Tak Cuma di Australia, Kanguru Juga Ada di Taman Nasional Wasur

Kanguru pohon di Taman Nasional Wasur

Bukti bahwa Australia pernah menyatu dengan Asia tampak jelas di Taman Nasional Wasur, Merauke, yang juga merupakan habitat bagi kanguru serta sejumlah hewan khas Australasia lainnya.

Dijuluki Serengetinya Papua (Serengeti adalah nama taman nasional terkenal di Tanzania, Afrika), lahan basah di taman nasional ini, terutama Danau Rawa Biru, merupakan ekosistem paling produktif dalam menyediakan bahan pakan dan perlindungan bagi berbagai jenis satwa di Indonesia, mulai dari berbagai jenis ikan, udang, dan kepiting hingga buaya, kasuari, kesturi, cenderawasih, kuskus, sugar glider, dan kanguru pohon (Dendrolagus spadix).

Sekilas, kanguru Papua mirip kanguru Australia. Namun kanguru Papua badannya lebih mungil. Taman Nasional Wasur juga merupakan tempat persinggahan ribuan burung migran dari Australia dan Selandia Baru.

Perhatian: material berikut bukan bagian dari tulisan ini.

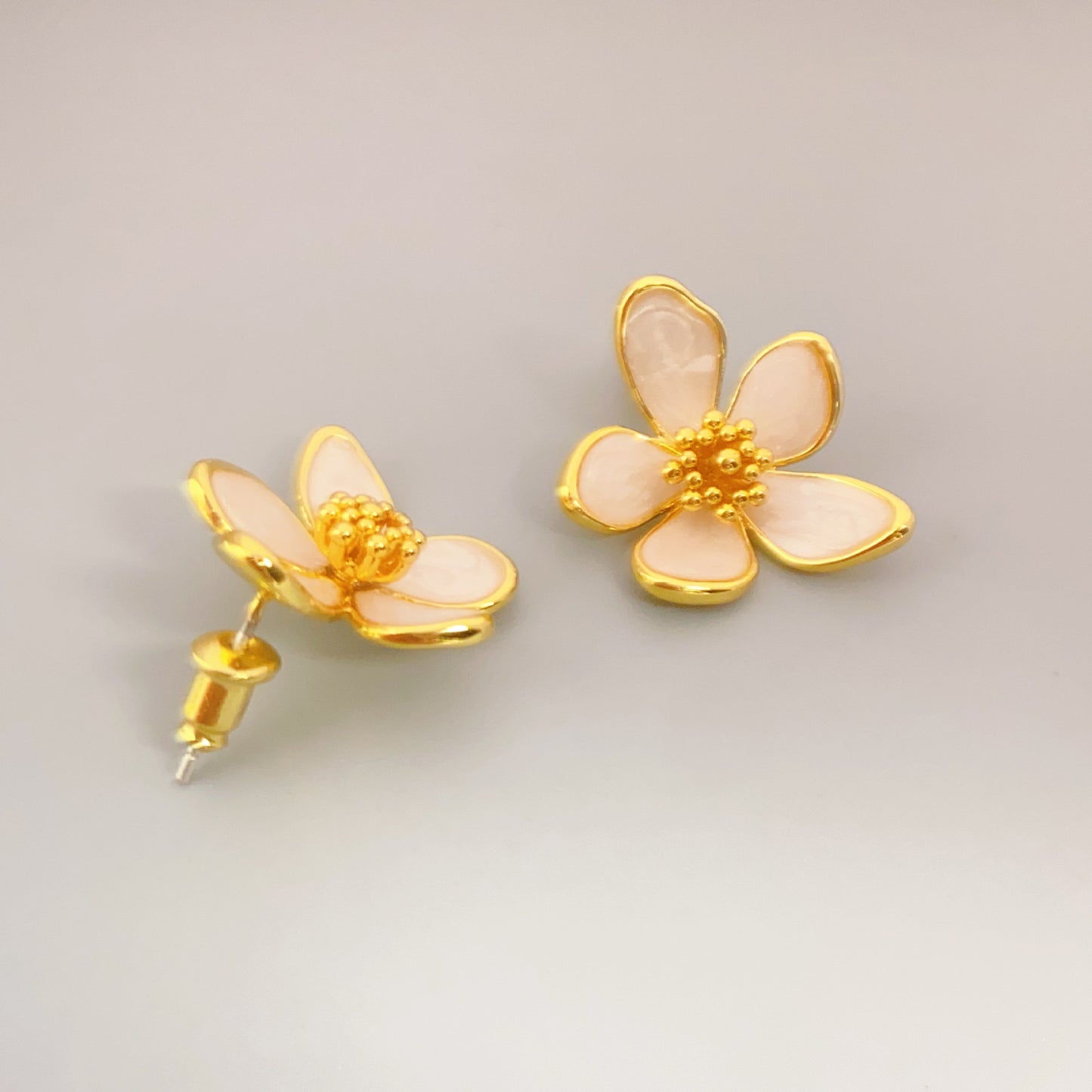 White and Gold Plated Flower Ear Studs For Women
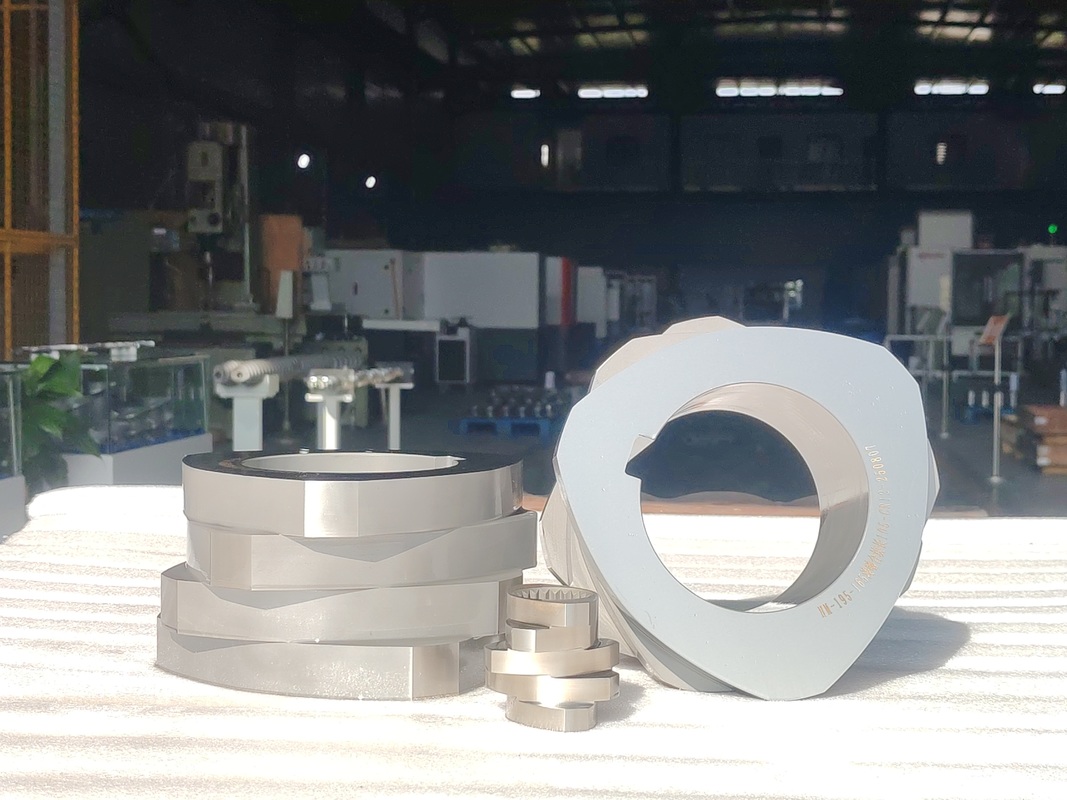 Elemen Sekrup Ekstruder Twin Screw SZK 250 dengan Sertifikasi ISO 9001 dan Opsi yang Disesuaikan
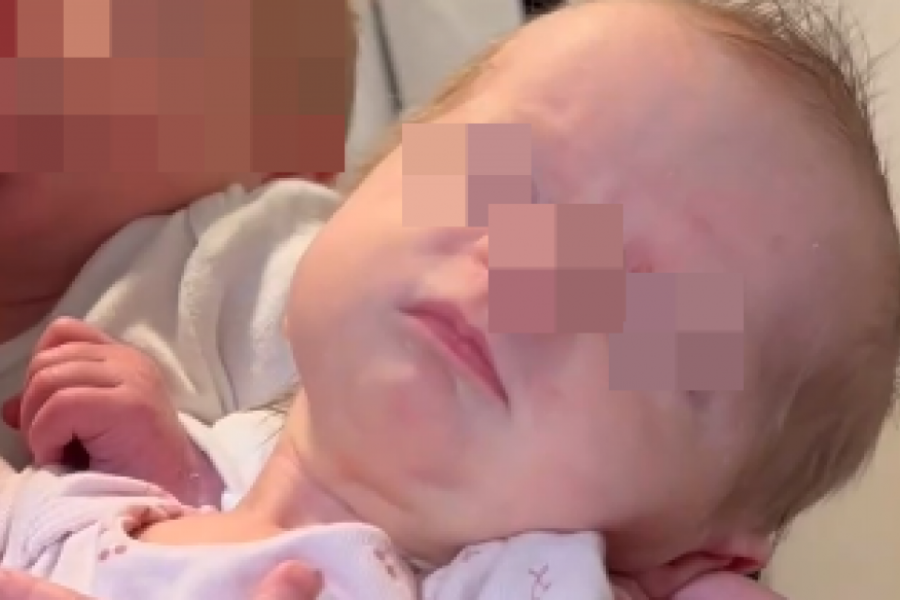 Beba koja je nasmejala preko 21 milion gledalaca: Pogledajte kako je uspela da smiri brata blizanca, ovo samo deca mogu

Kanguru abu (Dusky pademelon)

Rumah Rayap Raksasa

Atraksi unik lainnya di taman nasional ini adalah rumah rayap raksasa yang menjulang setinggi lima meter. Berbeda dengan rayap biasa yang merupakan hama pengganggu pemakan kayu, rayap di taman nasional ini hidup mandiri dengan membangun rumahnya sendiri.

Selain memiliki ventilasi di permukaan sarang, rumah buatan semut putih ini memiliki lorong-lorong yang tak hanya mencegah masuknya air hujan, namun juga membuang hawa panas selama musim kemarau.

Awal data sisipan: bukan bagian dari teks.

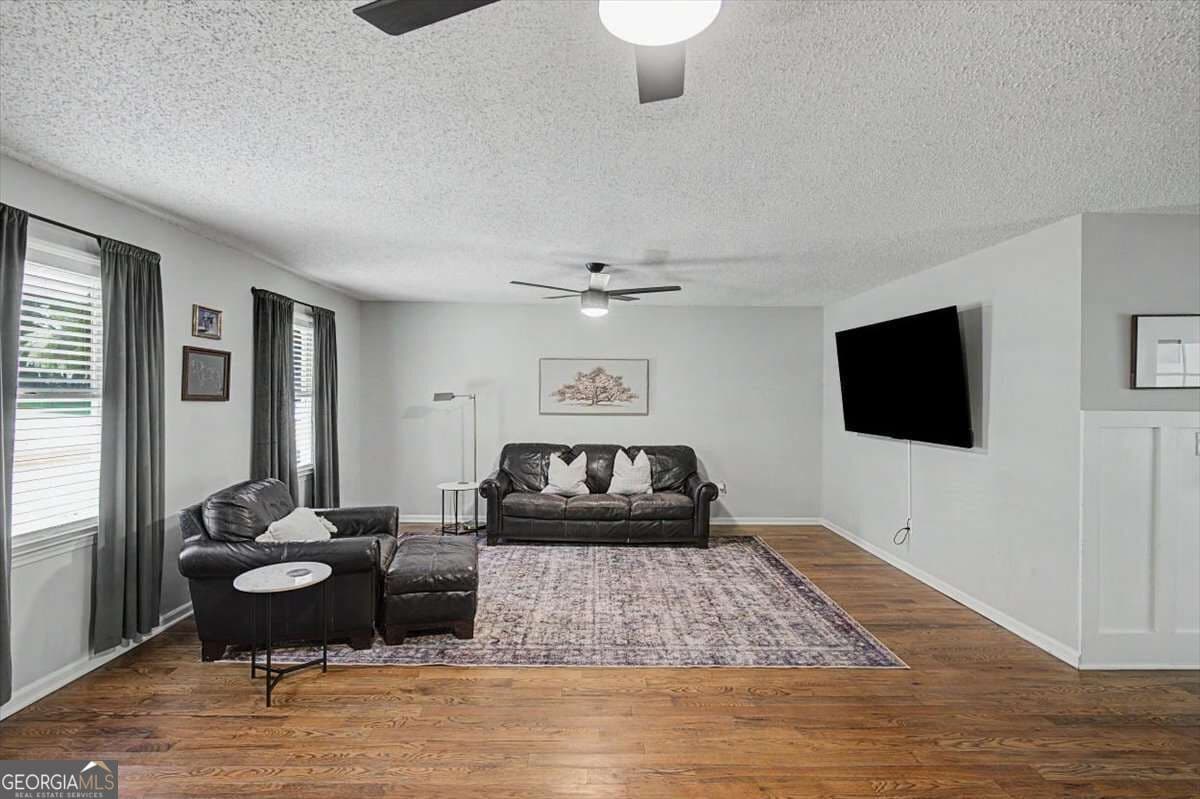 2 bedroom, 2 bathroom, 1,426 sq ft single family residence for sale at 611 Calloway Drive, Rockmart, GA 30153 — photo 9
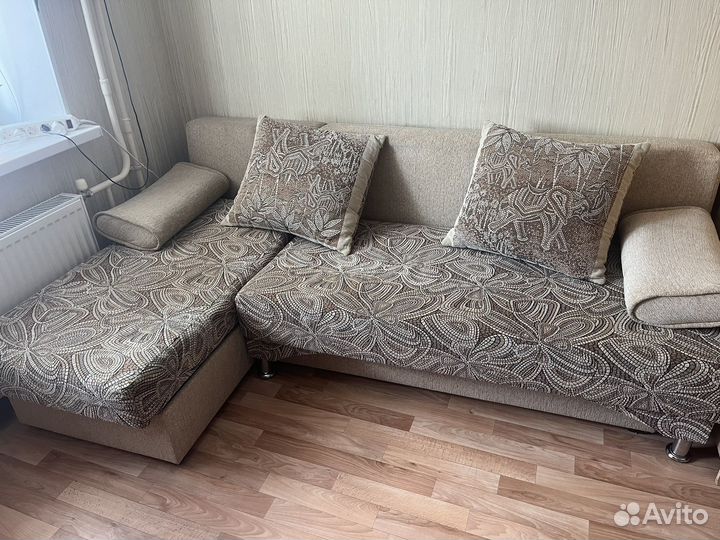 Угловой диван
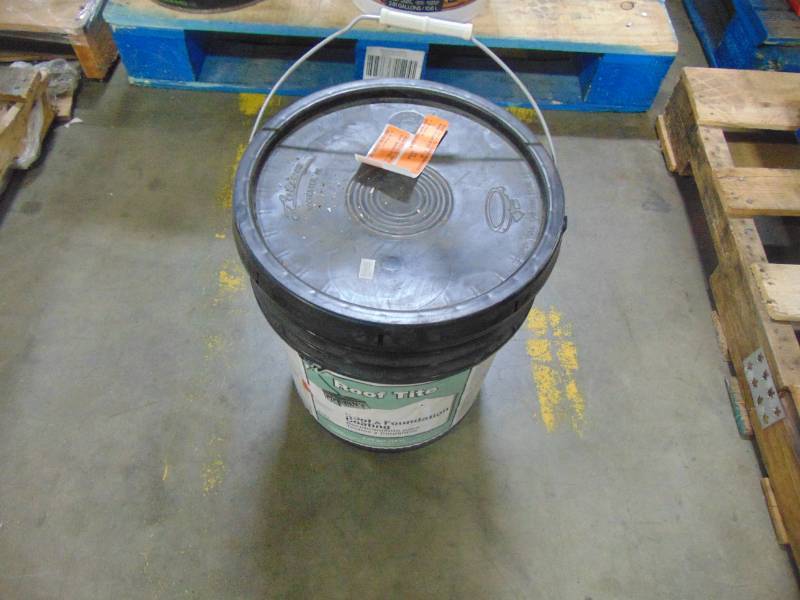 lot 417 image: Roof Tite 4.75-Gallon Waterproofer Roof Sealant 6193-9-30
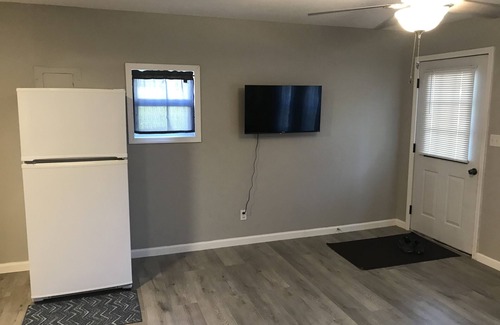 Piedmont Cabin | Clearwater Lake, cabin minutes from Bluff View Marina & boat dock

Disebut musamus oleh penduduk setempat, para rayap menyusun sarang ini hanya dengan menggunakan tanah dan rumput kering dengan air liur mereka sebagai perekat. Saking kokohnya, struktur bangunan ini sanggup menahan bobot manusia dewasa, bahkan gempa sekalipun, sehingga tak heran jika musamus menjadi lambang Kabupaten Merauke.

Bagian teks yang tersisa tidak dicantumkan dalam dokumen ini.